● **Input material**
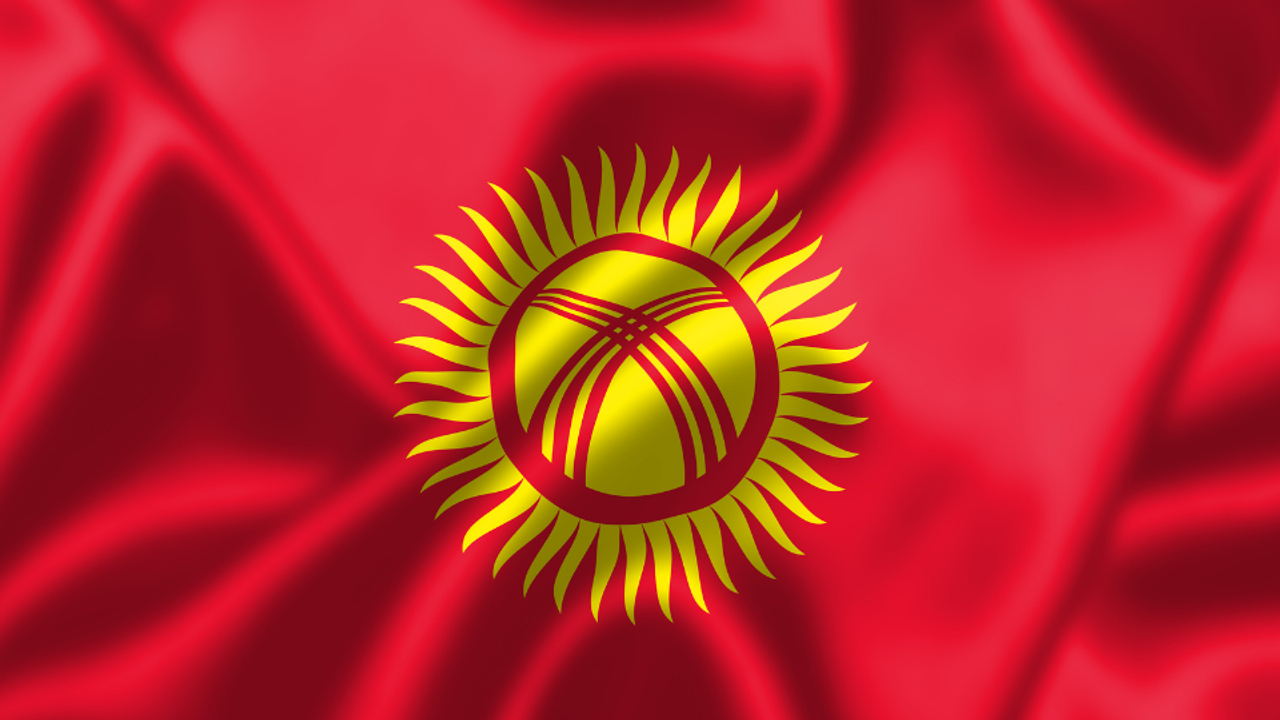 Kırgızistan Anayasa Mahkemesi Başkanı Oskonbayev, Türkiye Cumhuriyeti'nin 100. yılını kutladı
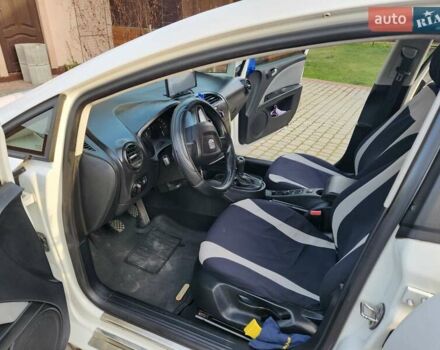 Белый Сеат Леон, объемом двигателя 1.39 л и пробегом 209 тыс. км за 4699 $, фото 14 на Automoto.ua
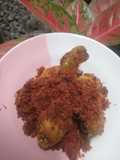 Ayam srundeng kelapa rempah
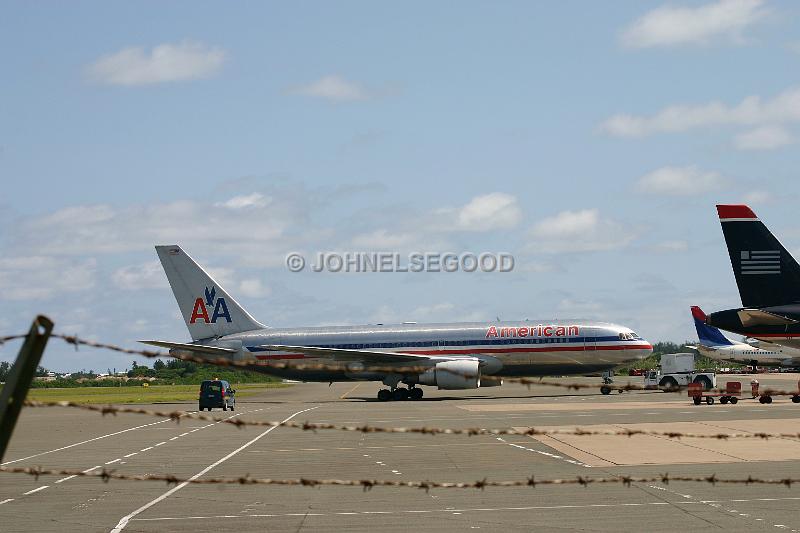 IMG_JE.AI04.JPG - American Airlines appoaching terminal, Bermuda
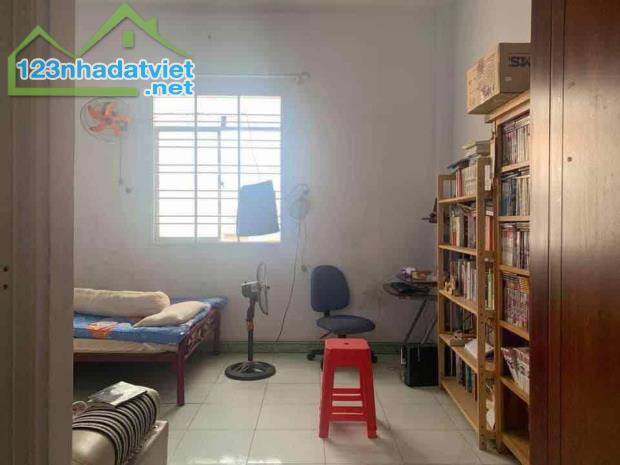 Q7 Nhà Đẹp – 4PN, 5WC – Hẻm Ba Gác Thông – Không Quy Hoạch – Công Chứng Ngay! - 2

● **Work instructions**
Using the records above, output an exact copy without any pictures.

● **Exercise solution**
 Kırgızistan Anayasa Mahkemesi Başkanı Oskonbayev, Türkiye Cumhuriyeti'nin 100. yılını kutladı
 Белый Сеат Леон, объемом двигателя 1.39 л и пробегом 209 тыс. км за 4699 $, фото 14 на Automoto.ua
 Ayam srundeng kelapa rempah
 IMG_JE.AI04.JPG - American Airlines appoaching terminal, Bermuda
 Q7 Nhà Đẹp – 4PN, 5WC – Hẻm Ba Gác Thông – Không Quy Hoạch – Công Chứng Ngay! - 2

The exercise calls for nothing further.